The agents’ car had official diplomatic plates, and they had identified themselves as diplomats to their assailants.

I’m sure their families will understand. Nothing personal, you know.

This isn’t the first time Los Zetas have said “Ooops! Our bad!

(Crossposted at Sister Toldjah)


Mexico border violence watch: Brownsville, Texas

February 8, 2011

Battles between Los Zetas and their former bosses in the Gulf Cartel in Matamoros prompt increased patrols on the Brownsville side of the border:

Brownsville Police and Border Patrol Units are on increased patrols near the (Brownsville & Matamoros) Bridge after reports of violence inside Mexico.

Mexican soldiers have been called in to restore the peace.

It all started around 5:00pm. Mexican officials say the Gulf Cartel set some Zeta money houses on fire near the B&M Bridge.

Two hours later, sources inside Mexico tell CHANNEL 5 NEWS two grenades were thrown at a hotel near the bridge.

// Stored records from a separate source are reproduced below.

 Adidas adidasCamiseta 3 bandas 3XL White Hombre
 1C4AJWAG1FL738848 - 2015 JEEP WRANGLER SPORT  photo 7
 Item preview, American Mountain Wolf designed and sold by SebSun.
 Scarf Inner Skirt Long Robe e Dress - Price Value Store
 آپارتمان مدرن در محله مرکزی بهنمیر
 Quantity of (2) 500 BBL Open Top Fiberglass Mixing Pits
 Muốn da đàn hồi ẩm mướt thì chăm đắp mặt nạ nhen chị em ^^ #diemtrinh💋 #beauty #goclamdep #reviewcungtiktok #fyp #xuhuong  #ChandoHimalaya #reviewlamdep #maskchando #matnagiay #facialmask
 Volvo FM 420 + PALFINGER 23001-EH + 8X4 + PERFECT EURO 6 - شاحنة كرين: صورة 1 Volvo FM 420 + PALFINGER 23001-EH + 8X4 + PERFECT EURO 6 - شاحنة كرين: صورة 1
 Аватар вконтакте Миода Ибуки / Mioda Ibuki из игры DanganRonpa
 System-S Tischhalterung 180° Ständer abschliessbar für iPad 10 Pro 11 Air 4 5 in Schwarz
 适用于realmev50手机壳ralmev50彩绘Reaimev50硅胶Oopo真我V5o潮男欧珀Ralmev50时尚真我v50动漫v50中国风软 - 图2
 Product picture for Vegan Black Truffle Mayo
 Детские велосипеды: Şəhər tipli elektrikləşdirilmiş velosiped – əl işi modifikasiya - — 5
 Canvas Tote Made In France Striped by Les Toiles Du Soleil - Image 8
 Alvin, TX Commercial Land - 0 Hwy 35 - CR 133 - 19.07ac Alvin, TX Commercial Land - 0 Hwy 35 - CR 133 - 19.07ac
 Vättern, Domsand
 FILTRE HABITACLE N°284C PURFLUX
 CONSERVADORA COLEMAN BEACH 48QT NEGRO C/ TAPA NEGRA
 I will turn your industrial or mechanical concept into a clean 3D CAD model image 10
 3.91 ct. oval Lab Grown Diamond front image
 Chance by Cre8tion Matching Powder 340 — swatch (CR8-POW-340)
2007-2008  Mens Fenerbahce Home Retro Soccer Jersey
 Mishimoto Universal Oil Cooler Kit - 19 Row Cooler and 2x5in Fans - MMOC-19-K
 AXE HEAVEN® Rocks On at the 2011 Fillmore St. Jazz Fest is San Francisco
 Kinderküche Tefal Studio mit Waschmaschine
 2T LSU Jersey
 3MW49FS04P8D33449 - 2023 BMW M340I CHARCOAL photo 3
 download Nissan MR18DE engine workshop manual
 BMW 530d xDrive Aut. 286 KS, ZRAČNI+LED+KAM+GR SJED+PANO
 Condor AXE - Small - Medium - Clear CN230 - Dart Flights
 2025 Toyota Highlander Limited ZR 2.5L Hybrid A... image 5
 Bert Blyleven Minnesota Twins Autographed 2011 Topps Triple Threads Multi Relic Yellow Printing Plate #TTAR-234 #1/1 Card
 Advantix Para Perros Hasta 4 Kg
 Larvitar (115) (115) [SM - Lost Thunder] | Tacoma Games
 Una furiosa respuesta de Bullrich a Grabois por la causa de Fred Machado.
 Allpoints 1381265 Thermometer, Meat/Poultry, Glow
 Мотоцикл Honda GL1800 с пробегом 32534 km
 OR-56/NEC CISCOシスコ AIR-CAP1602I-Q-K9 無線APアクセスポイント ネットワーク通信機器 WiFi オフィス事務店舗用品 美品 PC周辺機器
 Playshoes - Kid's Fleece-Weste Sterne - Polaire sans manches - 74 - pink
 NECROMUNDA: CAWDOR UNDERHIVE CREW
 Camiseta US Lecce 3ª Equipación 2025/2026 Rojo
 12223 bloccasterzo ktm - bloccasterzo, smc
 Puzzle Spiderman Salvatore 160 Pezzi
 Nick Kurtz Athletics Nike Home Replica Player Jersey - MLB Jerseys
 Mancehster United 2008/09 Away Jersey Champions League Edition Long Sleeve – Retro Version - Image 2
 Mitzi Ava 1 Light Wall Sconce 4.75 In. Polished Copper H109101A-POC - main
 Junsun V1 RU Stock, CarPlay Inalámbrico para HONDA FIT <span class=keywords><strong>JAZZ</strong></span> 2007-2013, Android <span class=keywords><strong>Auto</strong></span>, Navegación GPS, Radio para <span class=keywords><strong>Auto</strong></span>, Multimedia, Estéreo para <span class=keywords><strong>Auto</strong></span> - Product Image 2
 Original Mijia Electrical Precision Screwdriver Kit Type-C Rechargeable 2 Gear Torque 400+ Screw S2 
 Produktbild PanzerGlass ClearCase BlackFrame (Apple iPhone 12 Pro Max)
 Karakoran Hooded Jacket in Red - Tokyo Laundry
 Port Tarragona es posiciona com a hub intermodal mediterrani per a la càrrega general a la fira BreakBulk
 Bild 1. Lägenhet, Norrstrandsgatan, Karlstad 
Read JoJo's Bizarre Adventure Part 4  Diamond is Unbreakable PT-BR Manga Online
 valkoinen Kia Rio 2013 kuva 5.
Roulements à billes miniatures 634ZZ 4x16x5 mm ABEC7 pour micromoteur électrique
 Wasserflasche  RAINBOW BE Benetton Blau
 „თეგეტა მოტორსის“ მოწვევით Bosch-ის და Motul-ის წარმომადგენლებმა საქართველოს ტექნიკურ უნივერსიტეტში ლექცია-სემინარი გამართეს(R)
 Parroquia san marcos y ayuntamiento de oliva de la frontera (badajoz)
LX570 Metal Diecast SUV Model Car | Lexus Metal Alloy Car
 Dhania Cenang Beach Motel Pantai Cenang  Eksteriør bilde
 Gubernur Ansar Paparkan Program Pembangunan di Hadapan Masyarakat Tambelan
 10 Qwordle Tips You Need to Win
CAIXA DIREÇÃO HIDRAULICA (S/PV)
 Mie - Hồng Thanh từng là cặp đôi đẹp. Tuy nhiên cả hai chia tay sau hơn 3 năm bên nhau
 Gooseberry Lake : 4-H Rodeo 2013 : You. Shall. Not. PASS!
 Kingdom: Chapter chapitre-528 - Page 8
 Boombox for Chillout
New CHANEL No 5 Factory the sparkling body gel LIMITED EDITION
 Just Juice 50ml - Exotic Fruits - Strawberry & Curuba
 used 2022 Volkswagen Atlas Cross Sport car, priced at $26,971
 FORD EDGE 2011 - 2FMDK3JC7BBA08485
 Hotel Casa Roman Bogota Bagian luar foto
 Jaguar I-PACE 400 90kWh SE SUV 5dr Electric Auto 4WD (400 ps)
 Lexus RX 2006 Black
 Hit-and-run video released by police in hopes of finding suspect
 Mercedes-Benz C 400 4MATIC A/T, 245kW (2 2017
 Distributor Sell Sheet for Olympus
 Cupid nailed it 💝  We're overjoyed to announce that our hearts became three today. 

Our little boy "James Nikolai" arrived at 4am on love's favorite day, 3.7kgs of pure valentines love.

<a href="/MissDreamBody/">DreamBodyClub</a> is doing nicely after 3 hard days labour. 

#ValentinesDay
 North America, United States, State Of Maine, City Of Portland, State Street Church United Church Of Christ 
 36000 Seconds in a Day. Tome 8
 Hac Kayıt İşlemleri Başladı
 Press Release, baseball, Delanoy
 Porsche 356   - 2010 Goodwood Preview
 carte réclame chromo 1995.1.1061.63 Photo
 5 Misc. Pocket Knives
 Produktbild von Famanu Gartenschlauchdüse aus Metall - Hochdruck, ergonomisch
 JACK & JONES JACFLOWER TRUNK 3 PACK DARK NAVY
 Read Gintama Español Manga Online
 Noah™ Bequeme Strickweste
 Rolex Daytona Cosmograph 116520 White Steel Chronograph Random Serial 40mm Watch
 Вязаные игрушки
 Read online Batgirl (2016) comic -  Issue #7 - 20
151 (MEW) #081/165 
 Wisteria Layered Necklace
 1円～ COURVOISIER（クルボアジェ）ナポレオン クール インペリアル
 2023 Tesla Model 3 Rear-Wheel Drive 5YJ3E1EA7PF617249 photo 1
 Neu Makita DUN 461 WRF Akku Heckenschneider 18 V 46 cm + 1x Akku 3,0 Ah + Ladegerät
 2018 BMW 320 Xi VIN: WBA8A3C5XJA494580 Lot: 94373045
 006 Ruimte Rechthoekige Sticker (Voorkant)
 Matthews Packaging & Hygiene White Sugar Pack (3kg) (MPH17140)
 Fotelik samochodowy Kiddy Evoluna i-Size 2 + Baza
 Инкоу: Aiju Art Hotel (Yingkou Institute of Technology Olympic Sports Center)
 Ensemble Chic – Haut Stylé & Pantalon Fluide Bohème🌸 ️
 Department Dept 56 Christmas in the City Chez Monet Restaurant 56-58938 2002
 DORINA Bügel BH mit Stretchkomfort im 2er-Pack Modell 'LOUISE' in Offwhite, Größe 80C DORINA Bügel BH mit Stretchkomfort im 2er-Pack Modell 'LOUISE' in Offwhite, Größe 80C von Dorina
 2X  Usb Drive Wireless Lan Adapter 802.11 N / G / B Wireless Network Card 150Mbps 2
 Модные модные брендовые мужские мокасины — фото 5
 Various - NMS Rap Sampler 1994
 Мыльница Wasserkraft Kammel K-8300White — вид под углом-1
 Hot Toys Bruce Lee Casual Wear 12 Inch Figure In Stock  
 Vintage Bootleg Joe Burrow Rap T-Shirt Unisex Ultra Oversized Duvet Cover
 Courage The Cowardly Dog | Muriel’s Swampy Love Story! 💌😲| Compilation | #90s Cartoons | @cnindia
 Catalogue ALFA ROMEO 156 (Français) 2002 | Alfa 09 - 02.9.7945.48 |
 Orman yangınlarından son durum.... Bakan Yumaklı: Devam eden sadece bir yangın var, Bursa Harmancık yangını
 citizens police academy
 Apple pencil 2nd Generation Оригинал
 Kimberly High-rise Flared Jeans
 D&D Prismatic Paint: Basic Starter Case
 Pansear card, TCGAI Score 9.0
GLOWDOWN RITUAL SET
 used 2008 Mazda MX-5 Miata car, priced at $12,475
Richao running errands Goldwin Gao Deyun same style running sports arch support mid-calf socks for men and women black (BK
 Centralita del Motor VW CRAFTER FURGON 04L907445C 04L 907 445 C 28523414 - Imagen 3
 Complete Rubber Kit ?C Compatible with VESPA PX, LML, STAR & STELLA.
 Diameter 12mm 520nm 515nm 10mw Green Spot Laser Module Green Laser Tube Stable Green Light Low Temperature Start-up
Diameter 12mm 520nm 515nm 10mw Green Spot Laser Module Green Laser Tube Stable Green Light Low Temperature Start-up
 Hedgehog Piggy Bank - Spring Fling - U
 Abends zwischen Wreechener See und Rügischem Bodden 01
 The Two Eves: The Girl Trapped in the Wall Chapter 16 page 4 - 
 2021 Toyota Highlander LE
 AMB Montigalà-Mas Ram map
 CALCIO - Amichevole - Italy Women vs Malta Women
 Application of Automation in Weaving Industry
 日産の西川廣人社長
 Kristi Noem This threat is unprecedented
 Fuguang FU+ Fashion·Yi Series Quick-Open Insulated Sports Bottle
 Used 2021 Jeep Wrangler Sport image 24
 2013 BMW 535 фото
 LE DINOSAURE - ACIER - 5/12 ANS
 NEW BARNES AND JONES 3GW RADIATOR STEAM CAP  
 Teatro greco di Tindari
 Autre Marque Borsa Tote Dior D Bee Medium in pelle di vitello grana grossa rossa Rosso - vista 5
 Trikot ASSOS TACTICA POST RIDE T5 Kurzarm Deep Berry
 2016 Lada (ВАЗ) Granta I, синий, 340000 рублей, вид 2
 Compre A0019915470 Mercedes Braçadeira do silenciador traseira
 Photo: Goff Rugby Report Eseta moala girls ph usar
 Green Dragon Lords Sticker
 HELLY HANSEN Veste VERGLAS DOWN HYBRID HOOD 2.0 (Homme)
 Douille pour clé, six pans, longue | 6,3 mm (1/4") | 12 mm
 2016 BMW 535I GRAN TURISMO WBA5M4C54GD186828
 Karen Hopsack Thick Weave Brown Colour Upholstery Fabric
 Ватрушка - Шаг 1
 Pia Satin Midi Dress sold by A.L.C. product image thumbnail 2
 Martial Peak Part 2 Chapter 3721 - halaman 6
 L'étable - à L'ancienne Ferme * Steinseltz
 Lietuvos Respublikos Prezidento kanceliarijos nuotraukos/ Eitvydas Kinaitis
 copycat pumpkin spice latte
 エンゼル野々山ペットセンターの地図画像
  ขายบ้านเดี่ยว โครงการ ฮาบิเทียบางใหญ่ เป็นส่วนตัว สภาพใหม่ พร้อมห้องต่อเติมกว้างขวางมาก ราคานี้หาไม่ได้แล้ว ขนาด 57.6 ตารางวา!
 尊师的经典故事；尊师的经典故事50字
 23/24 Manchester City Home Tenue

A little later, the Mexican Army showed up to “restore order.”

When you have to send in the soldiers, that’s more than a police problem.

 


Failing State Watch: Nuevo Laredo police chief gunned down

February 4, 2011

Tamaulipas Governor Egidio Torre came into office on New Year’s Day vowing to fight the corruption and criminal violence tearing his state apart. One of his first acts was to appoint retired general Manuel Farfán as police chief of Nuevo Laredo, just across the border from Laredo, Texas, and one of Mexico’s most violent cities.

Less than a month into his job, Chief Farfán was shot dead on the streets of his city:

Gunmen killed the recently appointed police chief of Nuevo Laredo late Wednesday in a brazen response to the new governor’s vow to restore order to the violent Mexican state bordering south Texas and the Rio Grande.

Manuel Farfán, 55, a retired army brigadier general, was shot down on a downtown street shortly before midnight. At least one of the general’s police bodyguards and his personal secretary also were killed.

Farfán was one of 11 retired army generals recently named to head municipal police departments across Tamaulipas state. He took office with the change of city and state governments on Jan. 1.

Upon taking office New Year’s Day, Tamaulipas Gov. Egidio Torre had vowed that his government would put an end to the state’s “cruel, unjust and difficult” wave of violence.

“The people of Tamaulipas want to trust again,” said Torre, who was elected following last June’s assassination by gangsters of his brother, the gubernatorial candidate of the state’s long ruling party.

“We are going to diminish violence at its root causes and extinguish impunity,” he said.

Aside from expressing condolences to Farfán’s survivors and dispatching the commander of the state police – also a retired army general – neither Torre nor other senior Tamaulipas officials commented on the assassination Thursday.

The killing is comment enough: one theory is that Chief Farfán refused to be bought or or play along with the Zeta cartel, whose “territory” Nuevo Laredo is, and they decided to show what happens. Another is that he was killed by the Gulf Cartel, which is at “war” with its former vassals and may have considered the Chief a threat to their efforts to take Nuevo Laredo back.

The killing of Chief Farfán is just the latest sign of the breakdown of the rule of law in Mexico, but he, at least, made it almost a month; in 2005, Nuevo Laredo Chief Dominguez was killed just hours after being appointed.  As the article mentions, the entire police force of one small town near Monterrey quit after two of its officers were beheaded, and the police chief of Cancún was tortured and killed in 2009 by one of his own men, who was in the pay of the local cartel. Local and state police officers are either intimidated, corrupted, or assassinated. As I’ve said before, when the State can’t even protect its own, words such as “sovereignty” and “rule of law” are meaningless.

It’s small wonder that some colleges are canceling their study-abroad programs in Mexico.